Especially the systematic generation of residual stresses in BTA deep hole drilling is focused. Therefore, process-integrated near surface zone control is applied in order to influence and improve the surface and component’s properties, such as vibration resistance. To extend the understanding of the process, the thermomechanical load spectrum at the active elements of the boring-head are to be determined and analysed during the drilling process.

From the point of view of materials engineering and testing, the project aims to condition the surface, focusing on the understanding of the mechanisms of residual stress generation and microstructural changes during BTA deep hole drilling. Furthermore, the surface integrity of austenitic steels at the microstructural level is investigated as well as the stability of the residual stresses and their effects on the component properties. To characterise the quasi-static and cyclic deformation behaviour as a function of the induced residual stresses based on microstructures and mechanisms, additional investigations are carried out. In addition, established methods of residual stress measurement on the basis of micromagnetic sensor technology are to be developed in the direction of process-integrated sensor technology and process control and experimentally validated.

The acquired process knowledge as well as the recorded and analysed measurement data form the basis for a finite element simulation for predicting the resulting surface edge zone as a function of the cutting edge’s and guiding-pad’s engagements.
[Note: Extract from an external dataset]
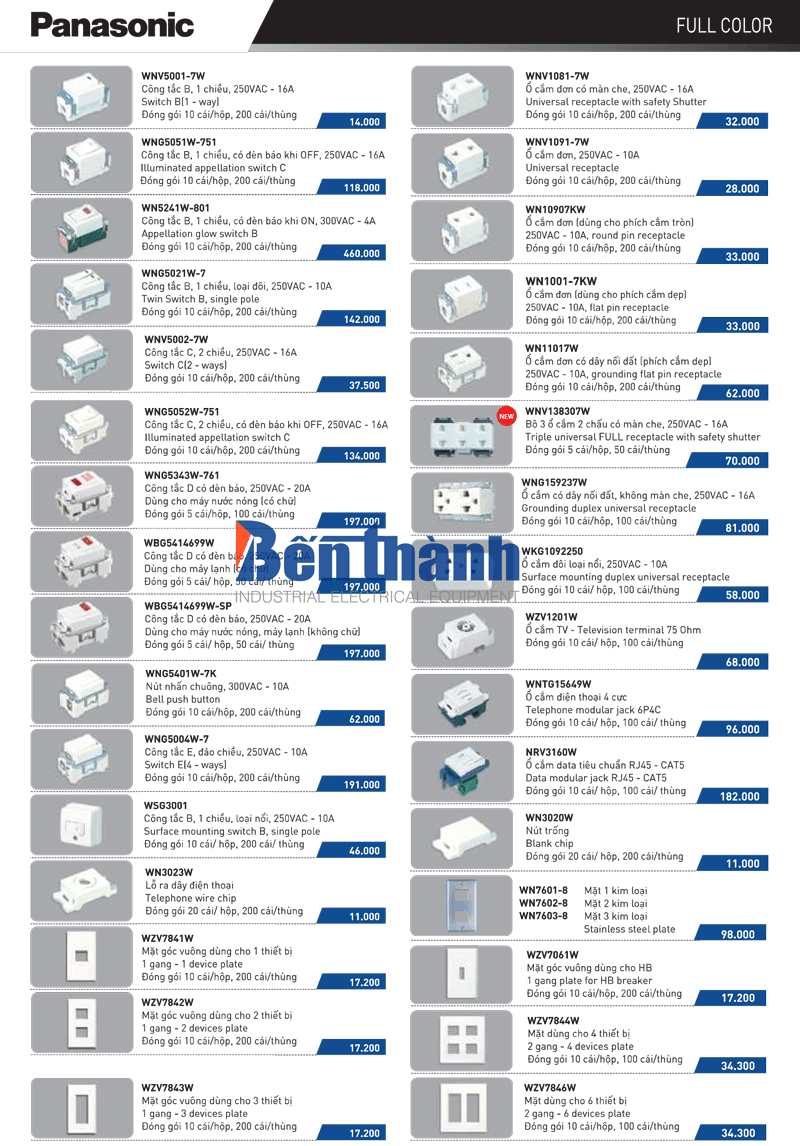 Catalog công tắc ổ cắm Panasonic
In the second phase, a sensor head for the Magnetic Barkhausen Noise is to be developed, which will be integrated into the bore head or applied to the workpiece in order to determine the surface properties online during the process using soft sensor technology, i.e. based on induced residual stresses and changes in hardness. Subsequently, the process model developed in the first phase will be used to upgrade the process control system in order to achieve the desired residual stress values and resulting component properties.